### Exercise
For the listing below, the answer is an exact retyping of the lines from the one with "Demet Akalın İle" through the one with "Lit Enfant 90x200", both included, without pictures.

---- Given data

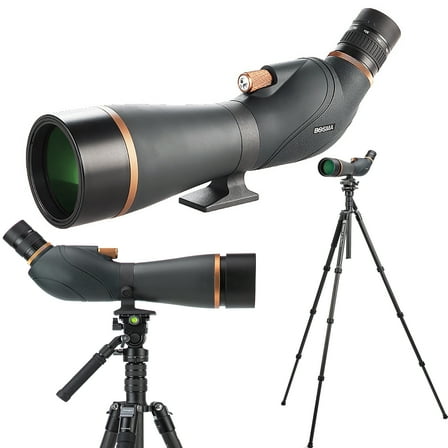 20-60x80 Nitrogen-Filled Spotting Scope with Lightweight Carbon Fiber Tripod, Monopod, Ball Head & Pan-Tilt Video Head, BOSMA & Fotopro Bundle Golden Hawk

--------
---- Given data

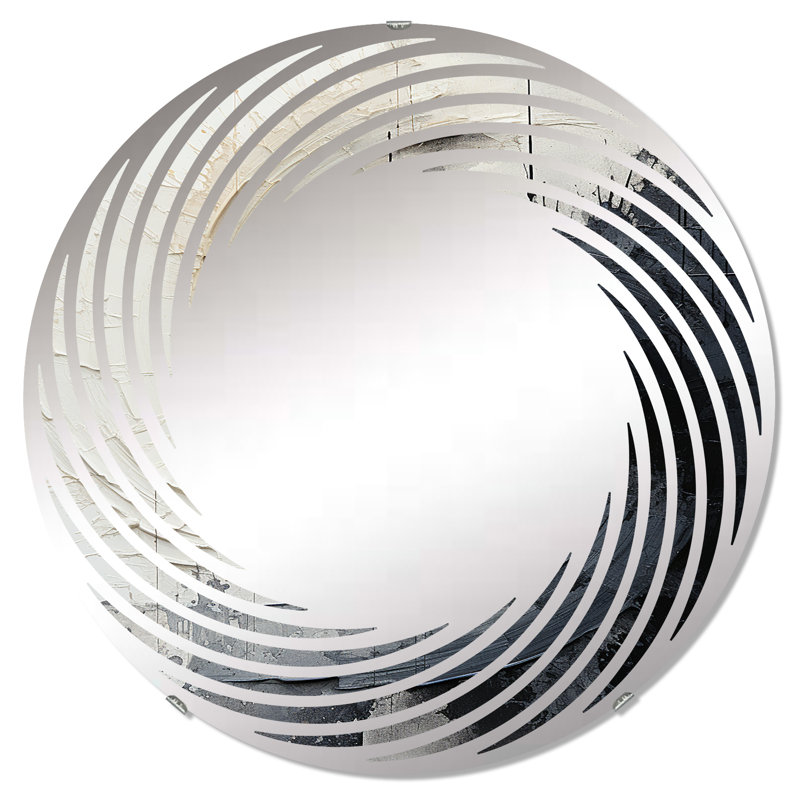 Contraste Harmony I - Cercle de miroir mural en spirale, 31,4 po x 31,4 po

--------
---- Given data

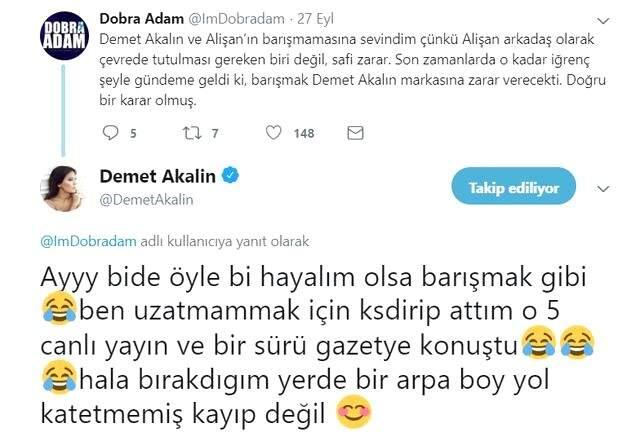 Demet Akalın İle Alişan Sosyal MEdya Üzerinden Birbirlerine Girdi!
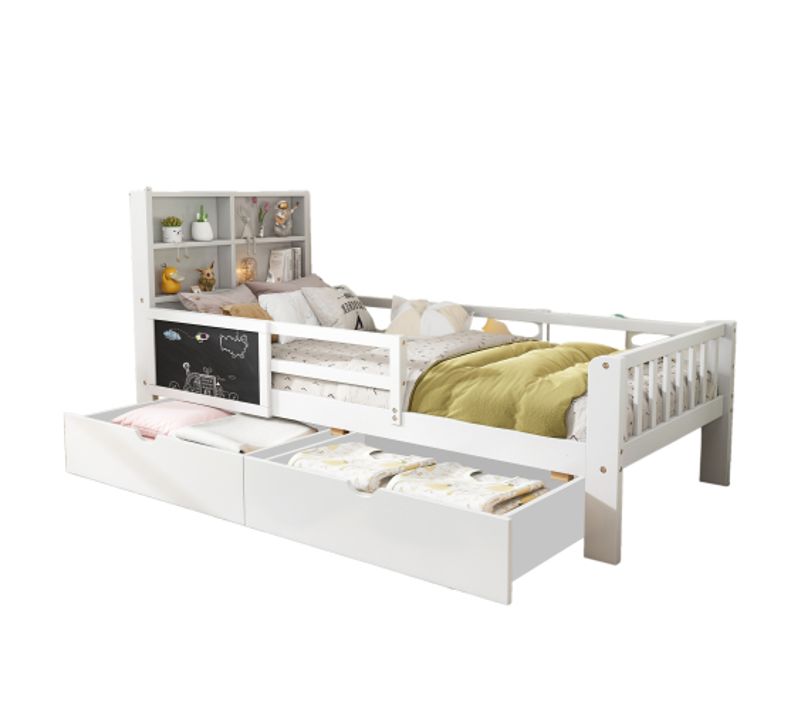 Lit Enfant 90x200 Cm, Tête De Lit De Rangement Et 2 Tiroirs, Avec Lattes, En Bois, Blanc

--------

### Answer space
 Demet Akalın İle Alişan Sosyal MEdya Üzerinden Birbirlerine Girdi!
 Lit Enfant 90x200 Cm, Tête De Lit De Rangement Et 2 Tiroirs, Avec Lattes, En Bois, Blanc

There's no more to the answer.